该脚本的输出如下：验证数据流水线是否按预期工作。

数据验证码输出

为了仔细检查上面的输出，我用 Python 创建了一个额外的脚本，名为“LSTM Data Pipeline Test.py”，它基本上给出相同的输出。该脚本也包含在本文末尾附加的 zip 文件中（位于 “ONNX Data Pipeline” 文件夹中），下面提供以供快速检查。

import torch
import onnx
import onnxruntime as ort
import MetaTrader5 as mt5
import pandas as pd
import numpy as np

# Load the ONNX model
onnx_model = onnx.load("data_processing_pipeline.onnx")
onnx.checker.check_model(onnx_model)

# Initialize MT5 and fetch new data
if not mt5.initialize():
    print("Initialize failed")
    mt5.shutdown()

symbol = "EURUSD"
timeframe = mt5.TIMEFRAME_M15
rates = mt5.copy_rates_from_pos(symbol, timeframe, 0, 160)
mt5.shutdown()

# Convert the new data to a DataFrame
data = pd.DataFrame(rates)[['time', 'open', 'high', 'low', 'close']]
data_tensor = torch.tensor(data.values, dtype=torch.float32)

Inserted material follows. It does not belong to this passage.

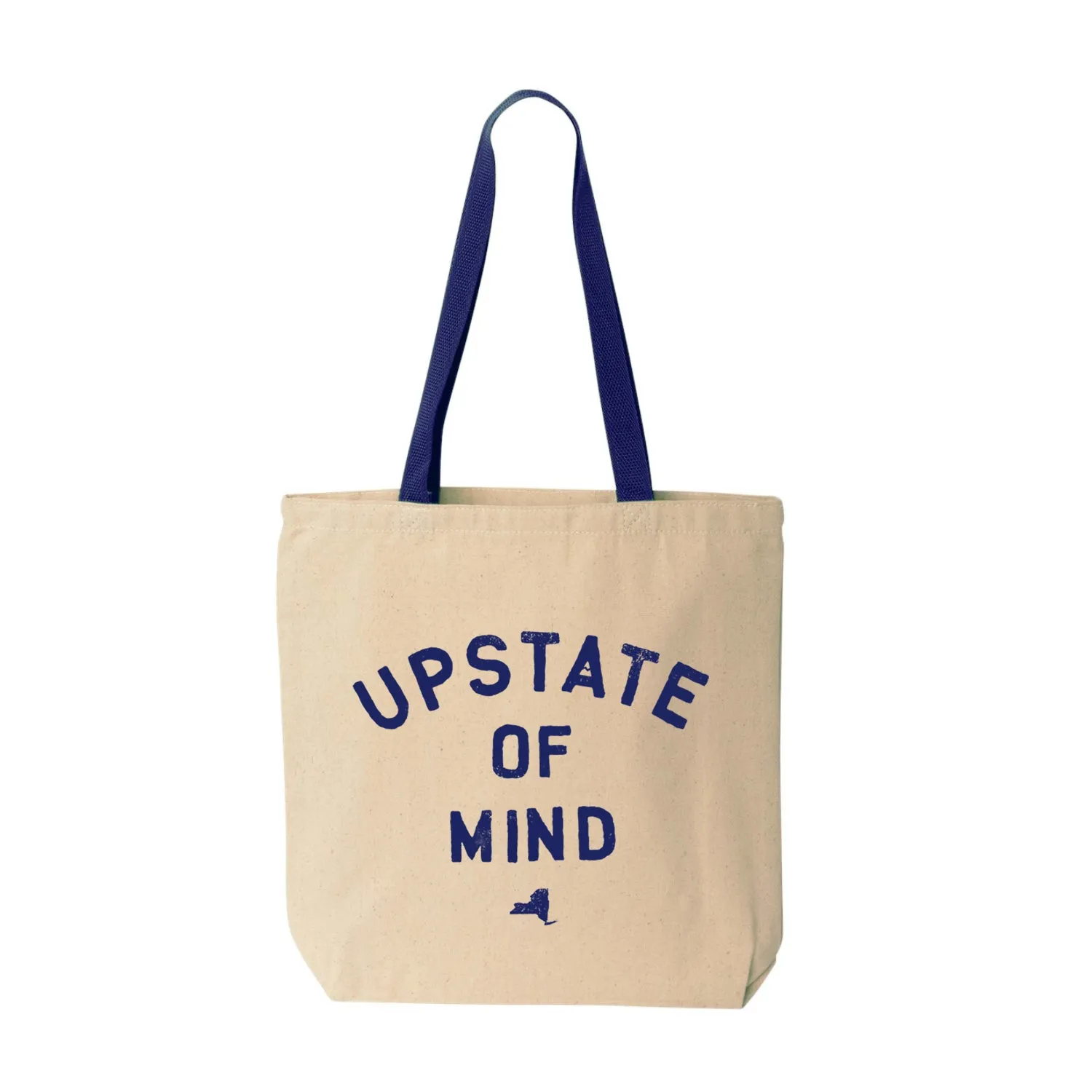 Upstate of Mind Tote Bag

# Prepare the input for ONNX
input_data = data_tensor.numpy()

# Run the ONNX model
ort_session = ort.InferenceSession("data_processing_pipeline.onnx")
input_name = ort_session.get_inputs()[0].name
output_name = ort_session.get_outputs()[0].name

processed_data = ort_session.run([output_name], {input_name: input_data})[0]

# Convert the output back to DataFrame for easy viewing
processed_df = pd.DataFrame(processed_data, columns=['time_token', 'norm_open', 'norm_high', 'norm_low', 'norm_close'])

print('Processed Data')
print(processed_df)

运行上述脚本的输出如下。输出格式和形式与我们在上面的 MQL 输出中看到的一致。

来自 Python 的数据验证脚本输出

使用训练好的模型在 MQL 中进行预测

在本节中，我最终想将本文的不同部分 — 数据处理和预测 — 连接到一个脚本中，允许用户在训练模型后获得预测。让我们简要回顾一下在 MQL 中获得预测和创建 EA 交易所需的条件：

运行 LSTM_model_training.py 训练模型。请随意调整参数以满足您的需要。运行此文件将创建 lstm_model.onnx。

将运行 LSTM_model_training.py 输出的 lstm_model.onnx 文件复制到 MQL Experts 文件夹中名为 “LSTM” 的子文件夹中

通过运行 LSTM Data Pipeline.py 创建数据处理流水线。该文件位于附加 zip 文件中的 “ONNX Data Pipeline Folder” 内。

运行该文件将生成一个 ONNX 文件用于数据处理。将 data_processing_pipeline.onnx 复制到 MQL Experts 文件夹下的 LSTM 子文件夹中

将下面给出的脚本存储在主“Experts”文件夹中，并将其附加到 EURUSD 15 分钟图表以获得预测：

该脚本可在本文附带的 LSTM_Files.zip 的根目录中找到。它名为 “LSTM_Prediction.mq5”。

//+------------------------------------------------------------------+
//|                                                  ONNX Test       |
//|                                                   Copyright 2023 |
//|                                               Your Name Here     |
//+------------------------------------------------------------------+
#property copyright   "Copyright 2023, Your Name Here"
#property link        "https://www.mql5.com"
#property version     "1.00"

static vectorf ExtOutputData(1);
vectorf output_data(1);

#include <Trade\Trade.mqh>
//#include <Chart\Chart.mqh>
CTrade trade;

#resource "\\LSTM\\data_processing_pipeline.onnx" as uchar DataProcessingModel[]
#resource "\\LSTM\\lstm_model.onnx" as uchar PredictionModel[]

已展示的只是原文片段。